On May 1, 1982, the plaintiff, Timothy Schirmer, began working
for the Agency as an insurance broker. On that same date, two stock
purchase agreements were entered into. In the first, Mr. and Mrs.
Bear agreed to sell William 44 of their shares in the Agency and to
sell plaintiff 187 of their shares. In return for the 187 shares,
plaintiff made a $10,000 down payment and agreed to pay the
remaining balance of $66,670 in monthly installments at an interest
rate of 9.25% per annum. Plaintiff's total obligation for the
shares, including principal and interest, was approximately
$106,000. Also, under the first agreement, plaintiff received an
option to buy 53 additional shares of the Agency at $410 per share,
with further conditions of the sale to be decided at the time of
purchase.
Under the terms of the second stock purchase agreement, the
Agency bought back all of Mr. and Mrs. Bear's remaining 519 shares
for $212,790. This amount was to be paid in monthly installments of
$3,450.65, which reflected a 9.25% annual interest rate. The
Agency's total obligation for the shares was approximately
$290,000. William and plaintiff guaranteed payment for the 519
shares both individually and jointly. Because of the two stock
purchase agreements, as of May 1, 1982, plaintiff and William
became the sole shareholders of the Agency.
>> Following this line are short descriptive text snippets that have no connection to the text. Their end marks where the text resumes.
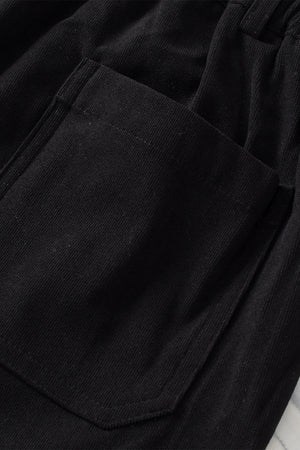 Black seamed front wide leg trousers with a visible pocket detail.
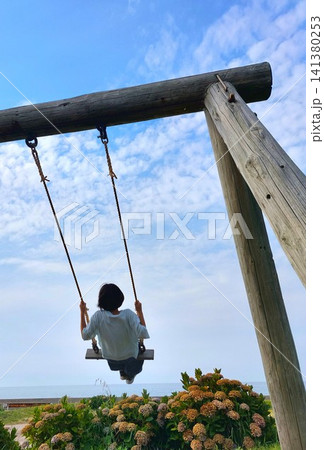 紫陽花が咲き海の見える砂浜でブランコに乗って遊ぶ女の子の後ろ姿 紫陽花が咲き海の見える砂浜でブランコに乗って遊ぶ女の子の後ろ姿 141380253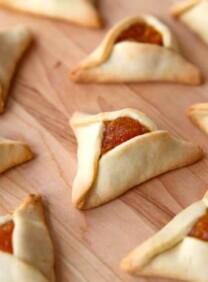 Hamantaschen cookies with apricot filling - lekvar apricot butter - on a wooden background.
William owned 294
shares, representing 61.1% of the outstanding stock, and plaintiff
owned 187 shares, representing 38.9%.
From May 1, 1982, until July 1990, plaintiff had a good
working relationship with William. During this time, plaintiff
earned an annual income from the Agency, plus annual bonuses for
increasing revenues by developing new accounts. The gross annual
commissions of the Agency, with plaintiff's help, increased from
$180,653 to $285,000. In addition, during this period, plaintiff
served as a corporate director of the Agency. William and defendant
Lawrence Peck, a retired accountant and friend of Mr. Bear, also
served as corporate directors.
The final installment payments under both of the 1982 stock
purchase agreements were due at the beginning of July 1990. At a
meeting held on July 2, 1990, William and plaintiff presented the
final payments to Mr. and Mrs. Bear and, in return, received their
stock certificates. At the same meeting, William and plaintiff,
acting in their capacity as shareholders, elected the board of
directors for the Agency. As in the past, this board consisted of
William, plaintiff, and Lawrence Peck. The directors' term of
office was to be for one year. Also during the same meeting,
William and plaintiff agreed to extend the terms of the first stock
purchase agreement until such time as a new agreement between
William and plaintiff could be completed. In addition, the value of
the corporation, later contested at trial, was declared to be
$500,000.
On July 18, 1990, plaintiff wrote to William expressing a
desire to exercise his option to purchase 53 additional shares of
the Agency pursuant to the terms of the first stock purchase
agreement. Plaintiff enclosed a proposed payment plan with his
letter which stated that payment amounts and payment dates were to
be left to the discretion of the buyer. Two days later, on July 20,
1990, William met with plaintiff and rejected the offer. At the
same time, William informed plaintiff that, for business reasons,
he had closed the books of the Agency, thereby forgoing any bonuses
or profit sharing for the year.
On August 10, 1990, plaintiff wrote William a letter in which
he strongly protested William's decision to close the books of the
Agency and declared that doing so was not in the best interest of
the stockholders. Plaintiff further alleged that William had wasted
corporate assets. Plaintiff stated that he could not see himself
continuing with the Agency under current conditions and requested
that the Agency pay him $195,000 for his shares. This figure was
based on his percentage interest in the Agency and the $500,000
valuation established at the July 2, 1990, meeting. Plaintiff also
stated that once his shares were purchased, he would be willing to
either terminate his relationship with the Agency or continue on as
an employee with an annual salary equal to William's. The next day,
August 11, 1990, William wrote plaintiff a letter in which he
rejected plaintiff's proposals and advised plaintiff to have his
attorney contact William's attorney, John B. Whiton.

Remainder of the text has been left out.